The ghosts of their fathers haunt Augusten Burroughs and Rick Bragg.
But that's not all the writers have in common, despite their profound differences. Burroughs and Bragg are both best-selling memoirists whose breakthrough books focused on their difficult childhoods, and particularly their mothers. In Running With Scissors, Burroughs chronicles his dysfunctional family experiences with harrowing anecdotes and deadpan comedy, like The Addams Family updated for the psychotherapeutic excess of the Me Decade. In All Over but the Shoutin', Bragg paid tribute to his mother's struggle to raise her children alone in Appalachian Alabama.
On paper, Burroughs and Bragg sound nothing alike. Burroughs turns his attention inward, excavating memories with a frequently dry sense of irony, not unlike NPR's David Sedaris. Bragg looks to the history of his people and the land, reconstructing the archetypal details of the rural Southern experience in a prose tradition that includes Harper Lee and Eudora Welty.
In one of those flukes of the publishing world, both authors have released memoirs about their fathers at roughly the same time. In their new books, both writers dearly hope that the sins of their fathers will not be visited on them. Burroughs' A Wolf at the Table feels like an attempt to exorcise his father's memory, while Bragg's The Prince of Frogtown seems more like a bid to make peace with his father's spirit.
A Wolf at the Table's chronology makes it nearly a direct prequel to Running with Scissors. Most of the new book takes place up until Burroughs was about 12 years old, roughly when Scissors began. If you read Scissors or saw the Annette Bening film, you'll remember the mental instability of Burroughs' mother, a self-dramatizing poet, and the kookiness of her psychiatrist's family.

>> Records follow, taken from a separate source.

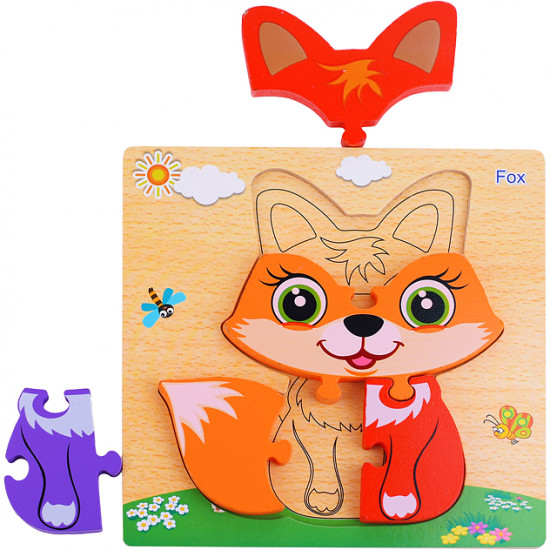 Пазл-вкладыш «Лисичка»
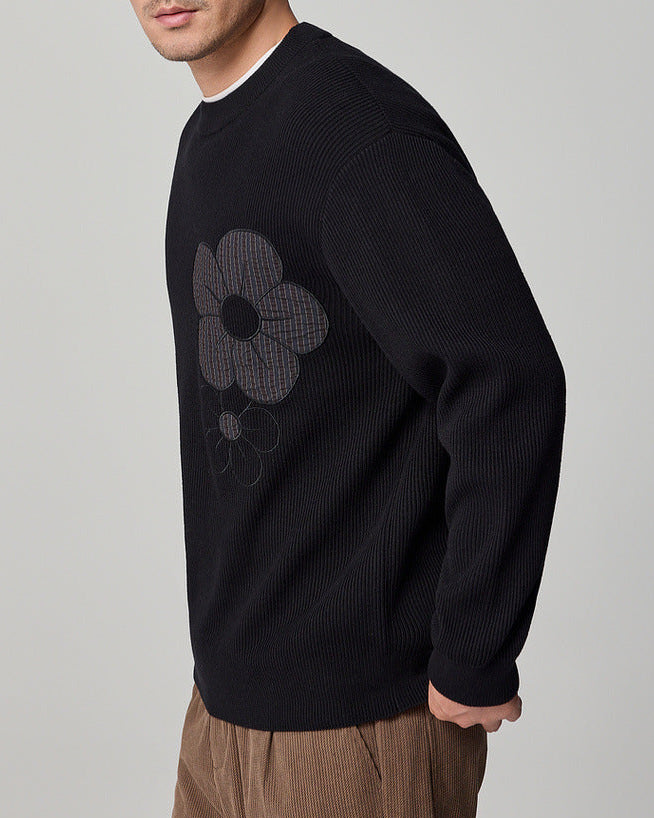 The Autumn Zen Ribbed Crew Neck Sweater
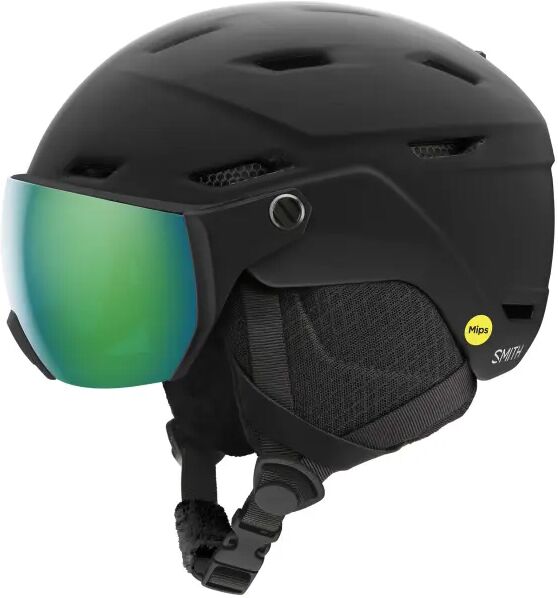 Skihelm Smith Survey MIPS Visor Junior (M - Green Mirror)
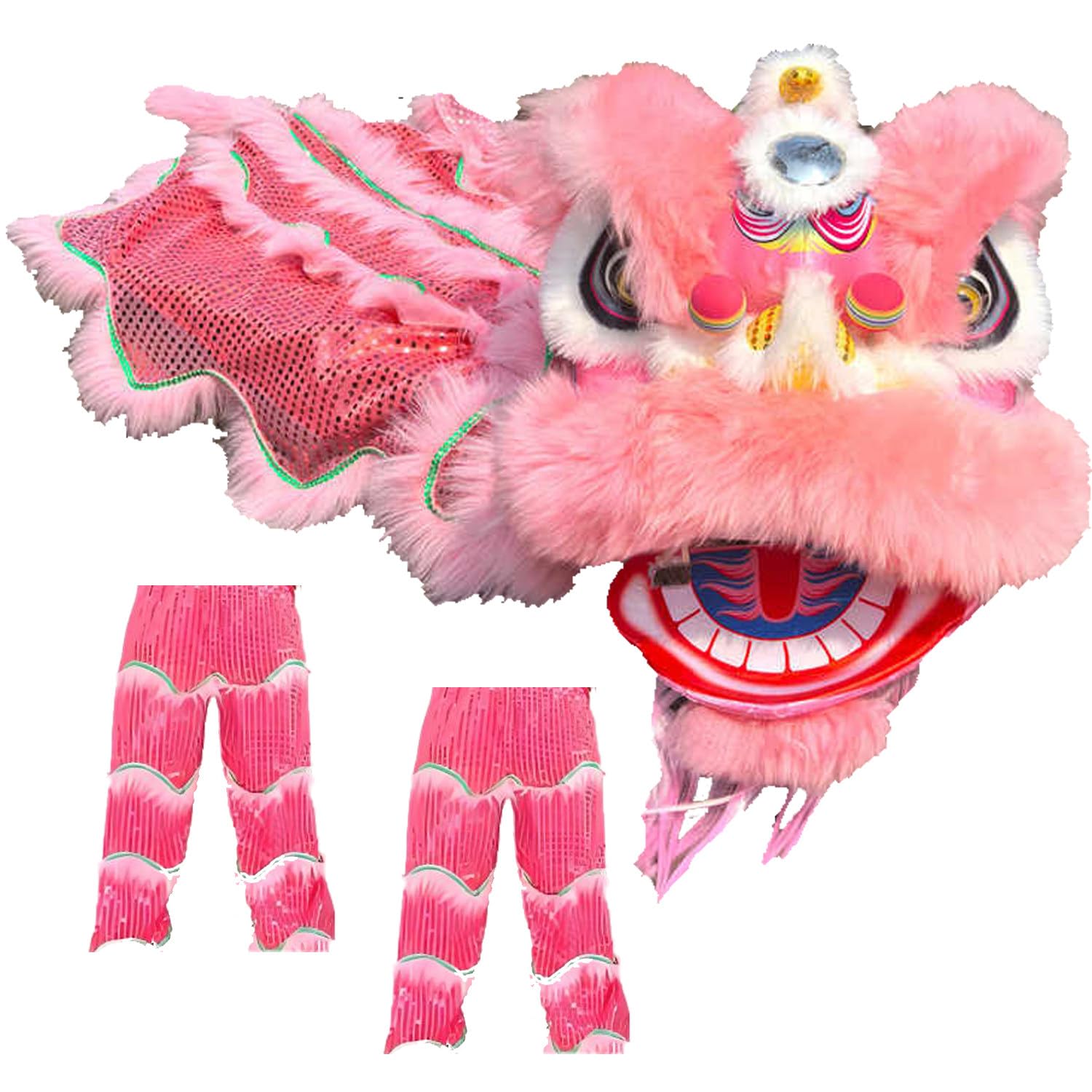 Costume da leone da ballo, abbigliamento tradizionale cinese per bambini dai 5 ai 15 anni, perfetto per sport, feste, carnevale, feste di Halloween, attività coinvolgenti per i giovani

A Wolf at the Table shifts our attention to his late father, John G. Robison ("Augusten Burroughs" is a pseudonym). In one of the first scenes, Burroughs recalls traveling with his mother, who tells him that it's "dangerous" for them to be with his father now. A philosophy professor suffering from psoriasis and arthritis, Robison turns a generally normal face to the rest of the world, but behind closed doors proves withdrawn at best, sociopathic at worst. At the height of family tension, he uses the family pets as weapons against his wife and child, and Wolf resembles one of those nightmare childhood novels such as V.C. Andrews' Flowers in the Attic.
Burroughs' humor is nearly absent from Wolf apart from brief glimmers, such as this description of the family dog: "He had his charms, acting as my bodyguard when I played my Arriving at the Oscars! game outside, using the blue wheelbarrow as my limousine." Wolf represents an even deeper feat of creative remembrance than Scissors. Burroughs describes his first memory of being less than 2 years old and looking through one of the little holes on the surface of a Saltine cracker.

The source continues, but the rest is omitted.